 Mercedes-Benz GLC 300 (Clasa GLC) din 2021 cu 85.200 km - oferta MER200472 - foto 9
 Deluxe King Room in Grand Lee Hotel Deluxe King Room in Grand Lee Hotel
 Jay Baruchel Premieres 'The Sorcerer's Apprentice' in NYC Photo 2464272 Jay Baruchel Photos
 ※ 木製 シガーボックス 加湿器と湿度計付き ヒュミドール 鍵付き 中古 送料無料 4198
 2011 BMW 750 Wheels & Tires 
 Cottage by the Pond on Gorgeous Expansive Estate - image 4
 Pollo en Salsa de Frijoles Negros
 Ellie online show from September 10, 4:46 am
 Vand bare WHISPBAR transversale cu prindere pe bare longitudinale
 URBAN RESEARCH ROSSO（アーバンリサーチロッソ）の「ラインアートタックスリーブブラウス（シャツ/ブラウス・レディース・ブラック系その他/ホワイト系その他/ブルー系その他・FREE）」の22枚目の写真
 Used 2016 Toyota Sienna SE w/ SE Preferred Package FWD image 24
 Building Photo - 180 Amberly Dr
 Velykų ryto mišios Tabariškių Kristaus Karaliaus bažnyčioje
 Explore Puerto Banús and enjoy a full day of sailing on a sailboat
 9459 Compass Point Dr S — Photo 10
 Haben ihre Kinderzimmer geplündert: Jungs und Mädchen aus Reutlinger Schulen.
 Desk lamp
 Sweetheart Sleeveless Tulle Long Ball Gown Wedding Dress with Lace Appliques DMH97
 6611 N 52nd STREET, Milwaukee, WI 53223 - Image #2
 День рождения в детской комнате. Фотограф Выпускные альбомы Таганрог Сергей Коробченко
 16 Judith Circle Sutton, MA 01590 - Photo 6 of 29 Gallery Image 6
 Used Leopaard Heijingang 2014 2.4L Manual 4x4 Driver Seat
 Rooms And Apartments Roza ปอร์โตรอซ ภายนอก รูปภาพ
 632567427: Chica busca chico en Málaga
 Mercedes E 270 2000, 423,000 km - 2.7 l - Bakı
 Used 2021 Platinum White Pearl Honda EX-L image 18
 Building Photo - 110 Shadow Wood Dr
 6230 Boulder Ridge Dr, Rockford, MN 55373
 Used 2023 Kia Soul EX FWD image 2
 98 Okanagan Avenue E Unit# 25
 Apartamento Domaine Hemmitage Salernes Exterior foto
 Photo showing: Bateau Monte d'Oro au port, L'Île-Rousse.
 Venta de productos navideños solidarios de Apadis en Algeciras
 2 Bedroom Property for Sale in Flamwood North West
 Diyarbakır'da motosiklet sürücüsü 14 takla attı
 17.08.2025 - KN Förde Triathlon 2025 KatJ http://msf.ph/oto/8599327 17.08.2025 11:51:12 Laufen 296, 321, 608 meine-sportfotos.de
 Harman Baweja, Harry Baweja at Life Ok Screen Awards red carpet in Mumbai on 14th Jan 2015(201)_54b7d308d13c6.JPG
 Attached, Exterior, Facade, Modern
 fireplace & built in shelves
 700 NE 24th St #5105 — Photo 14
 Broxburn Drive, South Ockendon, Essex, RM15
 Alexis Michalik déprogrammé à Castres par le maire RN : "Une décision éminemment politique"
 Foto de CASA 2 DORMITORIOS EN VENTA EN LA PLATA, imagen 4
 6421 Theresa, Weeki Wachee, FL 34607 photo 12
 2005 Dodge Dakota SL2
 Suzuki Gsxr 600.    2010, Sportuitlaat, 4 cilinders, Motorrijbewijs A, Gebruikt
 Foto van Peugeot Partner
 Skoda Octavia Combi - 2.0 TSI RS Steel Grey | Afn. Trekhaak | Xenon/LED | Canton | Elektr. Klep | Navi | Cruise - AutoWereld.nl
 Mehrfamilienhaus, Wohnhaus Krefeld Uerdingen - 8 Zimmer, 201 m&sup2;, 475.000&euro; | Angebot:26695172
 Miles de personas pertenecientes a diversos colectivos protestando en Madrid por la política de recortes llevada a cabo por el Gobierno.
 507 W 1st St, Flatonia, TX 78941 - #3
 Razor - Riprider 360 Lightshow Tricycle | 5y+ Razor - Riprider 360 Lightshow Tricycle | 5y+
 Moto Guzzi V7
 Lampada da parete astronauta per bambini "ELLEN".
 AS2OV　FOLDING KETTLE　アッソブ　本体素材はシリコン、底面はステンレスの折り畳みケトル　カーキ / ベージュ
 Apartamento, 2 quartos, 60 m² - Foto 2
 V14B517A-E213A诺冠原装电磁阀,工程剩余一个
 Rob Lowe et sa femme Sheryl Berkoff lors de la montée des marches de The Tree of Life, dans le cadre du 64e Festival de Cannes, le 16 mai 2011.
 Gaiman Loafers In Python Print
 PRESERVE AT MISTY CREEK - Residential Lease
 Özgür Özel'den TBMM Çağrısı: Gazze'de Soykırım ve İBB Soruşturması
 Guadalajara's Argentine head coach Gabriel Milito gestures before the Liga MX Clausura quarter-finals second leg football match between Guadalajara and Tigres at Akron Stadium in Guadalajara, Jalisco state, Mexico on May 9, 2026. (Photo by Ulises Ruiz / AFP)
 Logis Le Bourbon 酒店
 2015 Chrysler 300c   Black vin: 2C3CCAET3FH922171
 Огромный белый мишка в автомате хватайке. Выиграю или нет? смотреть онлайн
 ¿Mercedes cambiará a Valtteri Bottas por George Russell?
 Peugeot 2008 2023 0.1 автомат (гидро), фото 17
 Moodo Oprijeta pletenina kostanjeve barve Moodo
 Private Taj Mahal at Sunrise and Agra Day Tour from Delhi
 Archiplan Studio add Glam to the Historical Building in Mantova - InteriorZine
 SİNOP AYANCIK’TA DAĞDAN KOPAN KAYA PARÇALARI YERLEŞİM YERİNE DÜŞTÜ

++++++

▶ TASK GOAL:
Exactly as written, please output every entry.

▶ EXERCISE ANSWER:
 Mercedes-Benz GLC 300 (Clasa GLC) din 2021 cu 85.200 km - oferta MER200472 - foto 9
 Deluxe King Room in Grand Lee Hotel Deluxe King Room in Grand Lee Hotel
 Jay Baruchel Premieres 'The Sorcerer's Apprentice' in NYC Photo 2464272 Jay Baruchel Photos
 ※ 木製 シガーボックス 加湿器と湿度計付き ヒュミドール 鍵付き 中古 送料無料 4198
 2011 BMW 750 Wheels & Tires 
 Cottage by the Pond on Gorgeous Expansive Estate - image 4
 Pollo en Salsa de Frijoles Negros
 Ellie online show from September 10, 4:46 am
 Vand bare WHISPBAR transversale cu prindere pe bare longitudinale
 URBAN RESEARCH ROSSO（アーバンリサーチロッソ）の「ラインアートタックスリーブブラウス（シャツ/ブラウス・レディース・ブラック系その他/ホワイト系その他/ブルー系その他・FREE）」の22枚目の写真
 Used 2016 Toyota Sienna SE w/ SE Preferred Package FWD image 24
 Building Photo - 180 Amberly Dr
 Velykų ryto mišios Tabariškių Kristaus Karaliaus bažnyčioje
 Explore Puerto Banús and enjoy a full day of sailing on a sailboat
 9459 Compass Point Dr S — Photo 10
 Haben ihre Kinderzimmer geplündert: Jungs und Mädchen aus Reutlinger Schulen.
 Desk lamp
 Sweetheart Sleeveless Tulle Long Ball Gown Wedding Dress with Lace Appliques DMH97
 6611 N 52nd STREET, Milwaukee, WI 53223 - Image #2
 День рождения в детской комнате. Фотограф Выпускные альбомы Таганрог Сергей Коробченко
 16 Judith Circle Sutton, MA 01590 - Photo 6 of 29 Gallery Image 6
 Used Leopaard Heijingang 2014 2.4L Manual 4x4 Driver Seat
 Rooms And Apartments Roza ปอร์โตรอซ ภายนอก รูปภาพ
 632567427: Chica busca chico en Málaga
 Mercedes E 270 2000, 423,000 km - 2.7 l - Bakı
 Used 2021 Platinum White Pearl Honda EX-L image 18
 Building Photo - 110 Shadow Wood Dr
 6230 Boulder Ridge Dr, Rockford, MN 55373
 Used 2023 Kia Soul EX FWD image 2
 98 Okanagan Avenue E Unit# 25
 Apartamento Domaine Hemmitage Salernes Exterior foto
 Photo showing: Bateau Monte d'Oro au port, L'Île-Rousse.
 Venta de productos navideños solidarios de Apadis en Algeciras
 2 Bedroom Property for Sale in Flamwood North West
 Diyarbakır'da motosiklet sürücüsü 14 takla attı
 17.08.2025 - KN Förde Triathlon 2025 KatJ http://msf.ph/oto/8599327 17.08.2025 11:51:12 Laufen 296, 321, 608 meine-sportfotos.de
 Harman Baweja, Harry Baweja at Life Ok Screen Awards red carpet in Mumbai on 14th Jan 2015(201)_54b7d308d13c6.JPG
 Attached, Exterior, Facade, Modern
 fireplace & built in shelves
 700 NE 24th St #5105 — Photo 14
 Broxburn Drive, South Ockendon, Essex, RM15
 Alexis Michalik déprogrammé à Castres par le maire RN : "Une décision éminemment politique"
 Foto de CASA 2 DORMITORIOS EN VENTA EN LA PLATA, imagen 4
 6421 Theresa, Weeki Wachee, FL 34607 photo 12
 2005 Dodge Dakota SL2
 Suzuki Gsxr 600.    2010, Sportuitlaat, 4 cilinders, Motorrijbewijs A, Gebruikt
 Foto van Peugeot Partner
 Skoda Octavia Combi - 2.0 TSI RS Steel Grey | Afn. Trekhaak | Xenon/LED | Canton | Elektr. Klep | Navi | Cruise - AutoWereld.nl
 Mehrfamilienhaus, Wohnhaus Krefeld Uerdingen - 8 Zimmer, 201 m&sup2;, 475.000&euro; | Angebot:26695172
 Miles de personas pertenecientes a diversos colectivos protestando en Madrid por la política de recortes llevada a cabo por el Gobierno.
 507 W 1st St, Flatonia, TX 78941 - #3
 Razor - Riprider 360 Lightshow Tricycle | 5y+ Razor - Riprider 360 Lightshow Tricycle | 5y+
 Moto Guzzi V7
 Lampada da parete astronauta per bambini "ELLEN".
 AS2OV　FOLDING KETTLE　アッソブ　本体素材はシリコン、底面はステンレスの折り畳みケトル　カーキ / ベージュ
 Apartamento, 2 quartos, 60 m² - Foto 2
 V14B517A-E213A诺冠原装电磁阀,工程剩余一个
 Rob Lowe et sa femme Sheryl Berkoff lors de la montée des marches de The Tree of Life, dans le cadre du 64e Festival de Cannes, le 16 mai 2011.
 Gaiman Loafers In Python Print
 PRESERVE AT MISTY CREEK - Residential Lease
 Özgür Özel'den TBMM Çağrısı: Gazze'de Soykırım ve İBB Soruşturması
 Guadalajara's Argentine head coach Gabriel Milito gestures before the Liga MX Clausura quarter-finals second leg football match between Guadalajara and Tigres at Akron Stadium in Guadalajara, Jalisco state, Mexico on May 9, 2026. (Photo by Ulises Ruiz / AFP)
 Logis Le Bourbon 酒店
 2015 Chrysler 300c   Black vin: 2C3CCAET3FH922171
 Огромный белый мишка в автомате хватайке. Выиграю или нет? смотреть онлайн
 ¿Mercedes cambiará a Valtteri Bottas por George Russell?
 Peugeot 2008 2023 0.1 автомат (гидро), фото 17
 Moodo Oprijeta pletenina kostanjeve barve Moodo
 Private Taj Mahal at Sunrise and Agra Day Tour from Delhi
 Archiplan Studio add Glam to the Historical Building in Mantova - InteriorZine
 SİNOP AYANCIK’TA DAĞDAN KOPAN KAYA PARÇALARI YERLEŞİM YERİNE DÜŞTÜ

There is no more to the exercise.